This is just the sort of winter salad I love to cook. A base of hearty spiced lentils, layered with charred roasted vegetables, scented with garlic and topped with salty feta and crunchy cashews. This combination of flavours and textures makes for a winning mid-week meal for me.
Harissa Lentils with Roasted Vegetables & Feta
- 140 g lentils I used dark speckled
- 120 g cherry tomatoes
- 1 aubergine medium
- 1 courgette medium
- 1 red onion medium
- 1 red pepper medium
- 2-3 tsp rose harissa I used Belazu
- 30 g raw cashews
- 2 cloves garlic do not peel
- 100 g fresh spinach washed and left slightly damp
- juice of 1/2 lemon
- 2 tsp pomegranate molasses
- Olive oil
- 90 g feta cheese crumble, made from vegetable rennet
- a handful of parsley & mint roughly chopped
- Preheat the oven to 200C fan/gas 7.
- Place the cashews on a baking tray and roast in the oven for 3-5 minutes or until golden. Set to one side.
- Rinse the lentils in cold water. Place in a saucepan and cook according to the packets instructions. Drain and set to one side.
- Cut the courgette and aubergine into batons. Peel and cut the onion into wedges and the pepper into large dice.

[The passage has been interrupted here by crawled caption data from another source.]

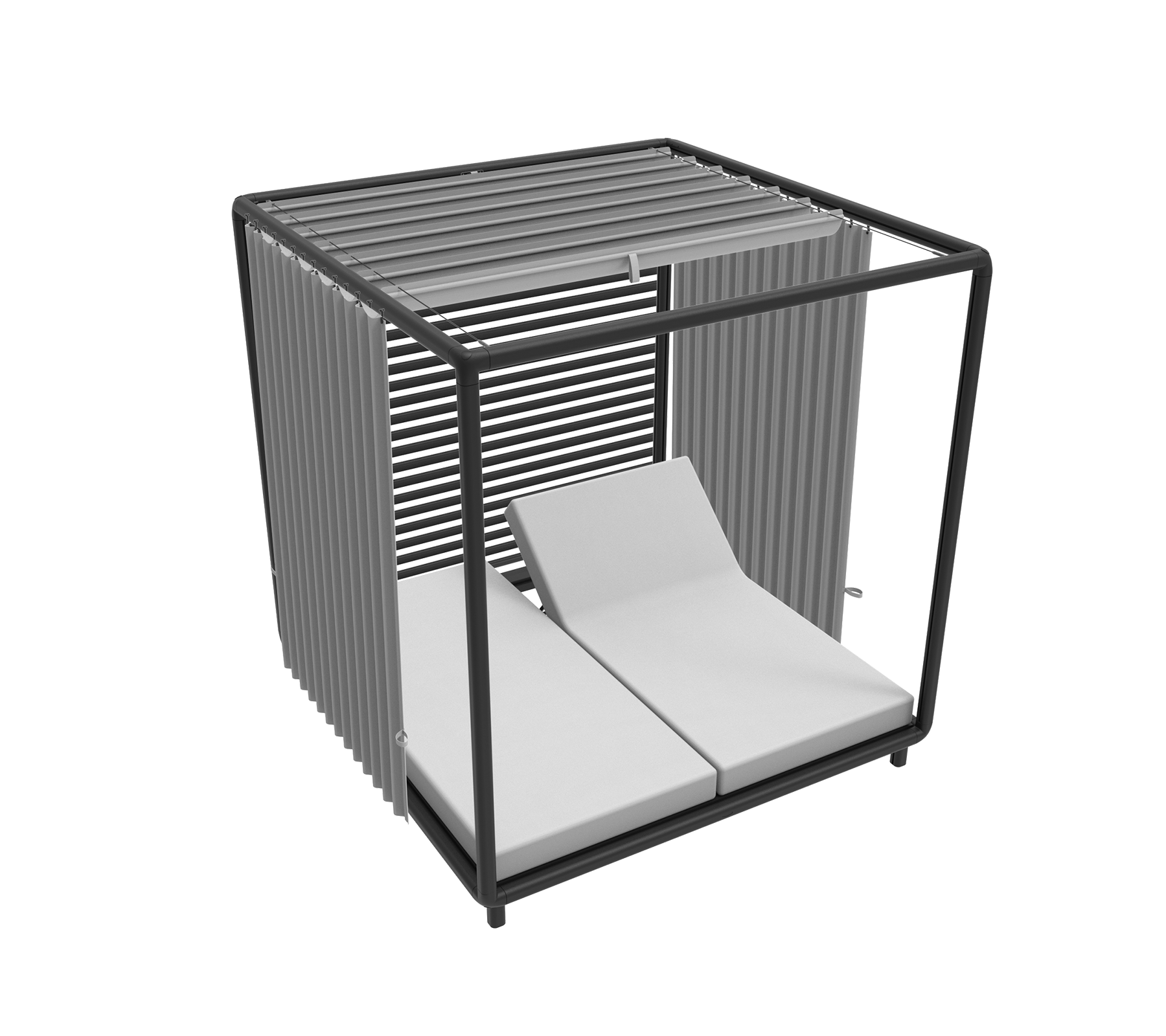 Stijlvolle cabana met een slank frame en twee comfortabele loungesstoelen, ideaal om te ontspannen en zonnebaden.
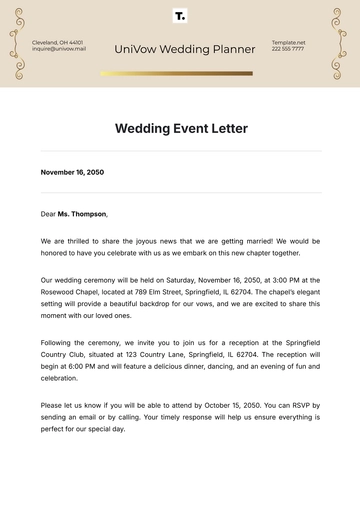 Free Wedding Event Letter Template to Edit Online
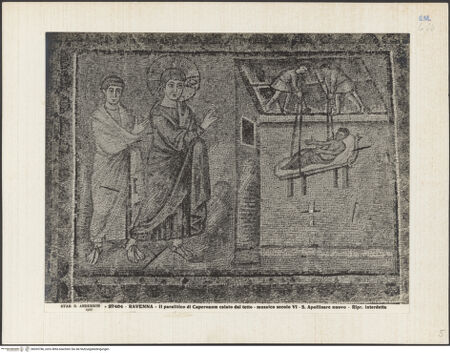 Vorderseite von Alinari [https://www.deutsche-digitale-bibliothek.de/content/lizenzen/rv-ez/] Mosaiken im LanghausEvangelienseite mit weiblichen HeiligenSzenen aus dem Leben Christi: die Heilung des Gelähmten in Kapharnaum - Gesamtansicht, bh035786_recto. Foto.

- Place the onion, pepper, aubergine, garlic cloves and courgette onto a baking tray, season and drizzle with a little olive oil and cook for 20 minutes or until nicely roasted.
- Heat a frying pan with a drizzle of oil, add the spinach. Stir and place a lid on the pan for a couple of minutes to wilt. add the lentils to heat through. Now add the cherry tomatoes, harissa, lemon juice and pomegranate molasses. Continue to cook for 2-3 minutes, check the seasoning. You may also need to add a little more oil.
- Remove the vegetables from the oven. Peel away the skin from the garlic cloves and mash with a fork. Stir it through the vegetables.
- Place the lentils on a large plate. Tip the vegetables on the top and fold through the lentils. Sprinkle on the cashews, feta, mint and parsley. Serve
- This dish is also fantastic served with lots of smaller mezze type dishes or just with flat bread.
- If you’re pushed for time, you can buy cooked lentils. For this recipe you’ll need 280g.
- If you prefer a vegan version, switch the feta for a tahini sauce; mix 1 1/2 Tbls tahini in a bowl, add a good squeeze of lemon juice and 1-2 Tbls boiling water, stir to form a smooth sauce. Drizzle on the finished dish.